Presiden jelas mempertimbangkan beratnya konsekuensi lockdown. Jika lockdown nasional diterapkan, bisa jadi konsekuensinya adalah hancurnya sistem sosial, naiknya tingkat kerentanan sosial, serta parahnya dan mendalam kemiskinan. Semua gubernur mengalami dilemma. Mereaka mengalami tekanan yang luar biasa, bukan perkara mudah untuk mengambil kebijakan lockdown di tingkat kabupaten/kota. Sebagai provinsi tidak mengambil kebiiakan provincial lockdown atau city lockdown, tapi mendorong efektivitas social distancing. Warga diintruksi untuk tetap tinggal di rumah, lockdown sepihak tidak akan menyelesaikan masalah, tapi justru menimbulkan masalah baru.
Siapapun gubernur pasti akan mengikuti kebijakan pusat sambil membuat berbagai terobosan dan efektivitas penanganan wabah. Berkali-kali dinyatakan bahwa arah kebijakan penangan pandemi corona adalah mendahulukan kepentingan masyarakat, terutama kalanngan bawah yang menanggung dampak pandemi paling parah. Kondisi sosial sekarang juga sangat rentan. Kekuatan ekonomi nasional tidak sungguh-sungguh kukuh. Produksi menurun, bahkan suplai barang-barang pokok masih minim. Banyak barang kebutuhan utama dipenuhi melalui impor karena pertanian tidak bagus, di samping banyaknya bencana alam. Masyarakat bawah yang keadaannya memprihatikan terus bertambah. Mereka ini hanya bisa hidup melalui kerja harian. Menurut data BPS dan Kemensos, ada 30-40 juta keluarga miskin dan amat miskin. Tidak terbayang apa yang akan terjadi jika 40 juta keluarga itu harus tinggal di rumah dan dikunci. Pasti yang terjadi adalah kecamuk sosial seperti yang terjadi di India, sebuah situasi yang tidak kalah mengerikannya dari pandemi.
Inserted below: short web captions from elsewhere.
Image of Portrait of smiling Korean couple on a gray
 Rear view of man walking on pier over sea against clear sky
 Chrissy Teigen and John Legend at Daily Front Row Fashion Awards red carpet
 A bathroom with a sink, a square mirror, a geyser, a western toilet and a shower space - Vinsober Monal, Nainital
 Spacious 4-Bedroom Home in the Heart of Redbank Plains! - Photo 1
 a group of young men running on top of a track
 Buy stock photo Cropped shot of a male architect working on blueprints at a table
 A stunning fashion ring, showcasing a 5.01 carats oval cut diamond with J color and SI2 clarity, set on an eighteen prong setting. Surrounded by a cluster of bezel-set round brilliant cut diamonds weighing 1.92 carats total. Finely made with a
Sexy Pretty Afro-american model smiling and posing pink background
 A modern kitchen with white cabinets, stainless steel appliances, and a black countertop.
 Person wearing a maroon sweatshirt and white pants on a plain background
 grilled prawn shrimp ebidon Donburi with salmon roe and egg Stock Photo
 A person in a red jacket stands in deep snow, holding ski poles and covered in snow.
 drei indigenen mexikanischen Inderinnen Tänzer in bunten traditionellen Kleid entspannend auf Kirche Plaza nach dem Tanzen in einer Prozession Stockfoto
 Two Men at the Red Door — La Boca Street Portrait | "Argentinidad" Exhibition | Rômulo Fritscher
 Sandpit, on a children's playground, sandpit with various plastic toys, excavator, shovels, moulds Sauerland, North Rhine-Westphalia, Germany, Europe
Lockdown juga akan membuat ekonomi regional hancur. Sektor swasta juga pasti akan menjerit jika lockdown total diberlakukan. Ekonomi pedesaan akan lumpuh, jika yang diharapkan adaalah dana desa, perlu diketahui bahwa dana desa Rp 70 triliun itu pada dasarnya tidak langsung bisa diserap masyarakat. Dana itu sebagian besar digunakan untuk infrastruktur desa dan penguatan institusi di desa, bukan bantuan sosial.
Jelas bahwa lockdown total tidak semudah yang dinyatakan karena konsekuensinya yang sangat berat. Sekalipun demikian, opsi lockdown nasional bukan tidak mungkin untuk diambil. Pemerintah pusat tentu menyusun peraturan pemerinntah untuk menyiapkan lockdown nasional jika memang pada akhirnya tidak ada pilihan lain. Bahkan, saat ini pun kementrian Luar Negeri dan Kementrian Perhubungan sudah melarang penerbangan antarnegara kecuali untuk kepentingan khusus, misalnya pengiriman obat-obatan.
Hingga saat ini, opsi lockdown nasional tampaknya belum dipilih sebagai kebjakan. Menk Polhukam Mahfud MD menyatakan bahwa pemerintahan tidak akan memberlakukan lockdown nasional. Pemerinntah lebih memilih karantina wilayah dengan berbagai ketentuan yang ada dalam UU nomor 6 Tahun 2018 tentang kekarantinaan Kesehatan.
Belajar dari social unrest di India, lockdown tanpa persiapan yang matang akan mengundang kematian kepercayaan terhadap negara, orang bisa jadi akan menuntut hak hidupnya sambil marah dan menjarah. Skema partial lockdown seperti di Tegal adalah pilihan masuk akal, sambil tetap memahami masyarakat untuk keluar rumah mencari nafkah, mencoba menghidupkan ekonomi rumah tanga dari kematian pelan-pelan.